> **Problem details**: Exactly as given, repeat all of the entries.

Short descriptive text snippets
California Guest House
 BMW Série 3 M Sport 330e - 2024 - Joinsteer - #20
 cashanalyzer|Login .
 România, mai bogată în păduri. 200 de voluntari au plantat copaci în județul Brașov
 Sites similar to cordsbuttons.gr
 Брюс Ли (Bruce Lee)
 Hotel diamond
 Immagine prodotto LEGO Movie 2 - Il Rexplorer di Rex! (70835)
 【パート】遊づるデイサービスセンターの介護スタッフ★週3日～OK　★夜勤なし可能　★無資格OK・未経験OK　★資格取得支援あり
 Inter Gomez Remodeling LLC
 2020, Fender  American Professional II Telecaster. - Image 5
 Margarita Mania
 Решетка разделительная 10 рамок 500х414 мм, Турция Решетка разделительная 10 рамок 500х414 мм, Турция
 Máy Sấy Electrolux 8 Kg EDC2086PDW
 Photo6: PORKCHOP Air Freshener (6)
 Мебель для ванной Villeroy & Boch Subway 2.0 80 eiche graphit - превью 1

> **Expected answer**:
California Guest House
 BMW Série 3 M Sport 330e - 2024 - Joinsteer - #20
 cashanalyzer|Login .
 România, mai bogată în păduri. 200 de voluntari au plantat copaci în județul Brașov
 Sites similar to cordsbuttons.gr
 Брюс Ли (Bruce Lee)
 Hotel diamond
 Immagine prodotto LEGO Movie 2 - Il Rexplorer di Rex! (70835)
 【パート】遊づるデイサービスセンターの介護スタッフ★週3日～OK　★夜勤なし可能　★無資格OK・未経験OK　★資格取得支援あり
 Inter Gomez Remodeling LLC
 2020, Fender  American Professional II Telecaster. - Image 5
 Margarita Mania
 Решетка разделительная 10 рамок 500х414 мм, Турция Решетка разделительная 10 рамок 500х414 мм, Турция
 Máy Sấy Electrolux 8 Kg EDC2086PDW
 Photo6: PORKCHOP Air Freshener (6)
 Мебель для ванной Villeroy & Boch Subway 2.0 80 eiche graphit - превью 1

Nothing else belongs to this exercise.